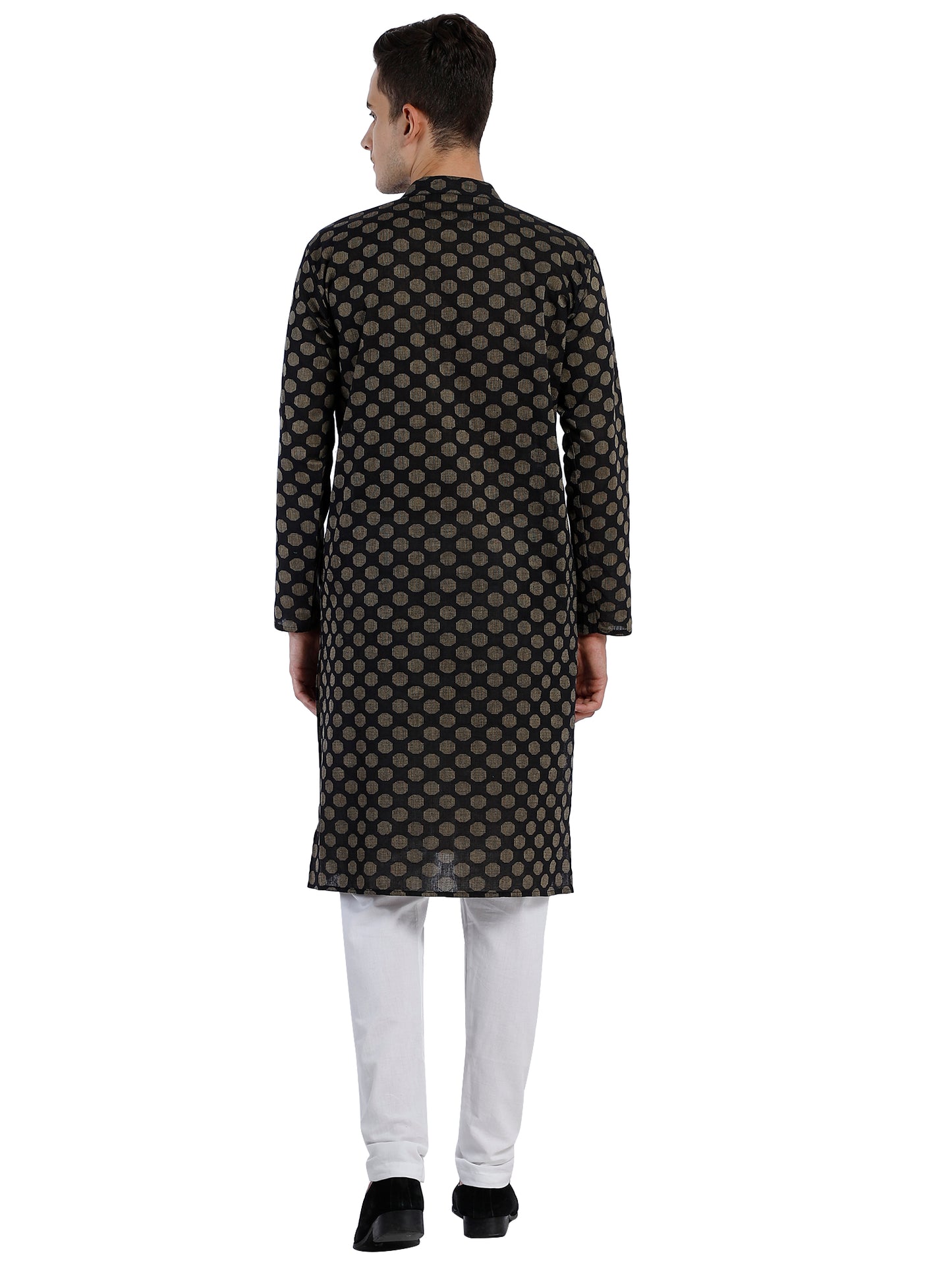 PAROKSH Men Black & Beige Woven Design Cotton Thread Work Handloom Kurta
○ ○ ○
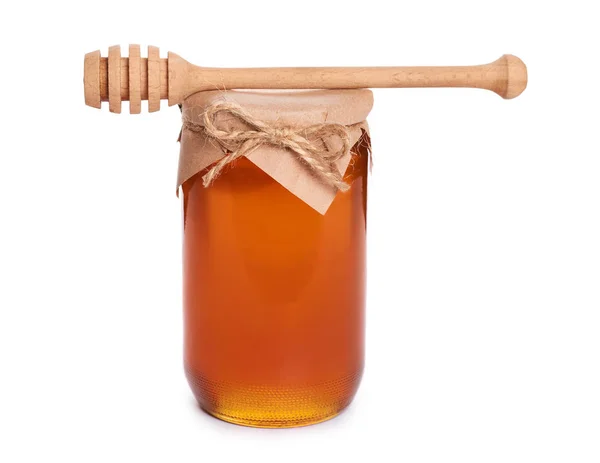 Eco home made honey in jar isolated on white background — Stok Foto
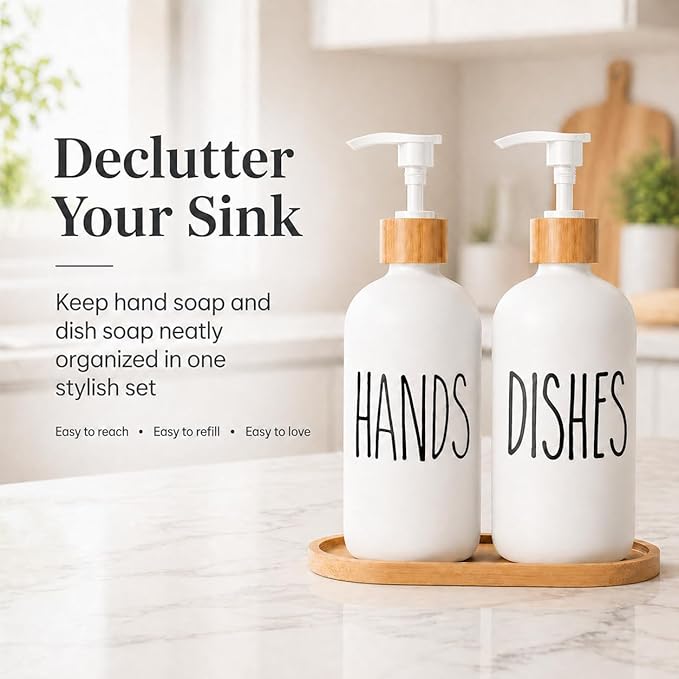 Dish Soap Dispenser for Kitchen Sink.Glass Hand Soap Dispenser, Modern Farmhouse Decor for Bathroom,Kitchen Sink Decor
○ ○ ○
EXERCISE AIM:
What belongs in the answer is each line above from the line with "Eco home made" to the line with "Dish Soap Dispenser", inclusive, reproduced exactly and free of pictures.

WRITTEN SOLUTION:
 Eco home made honey in jar isolated on white background — Stok Foto
 Dish Soap Dispenser for Kitchen Sink.Glass Hand Soap Dispenser, Modern Farmhouse Decor for Bathroom,Kitchen Sink Decor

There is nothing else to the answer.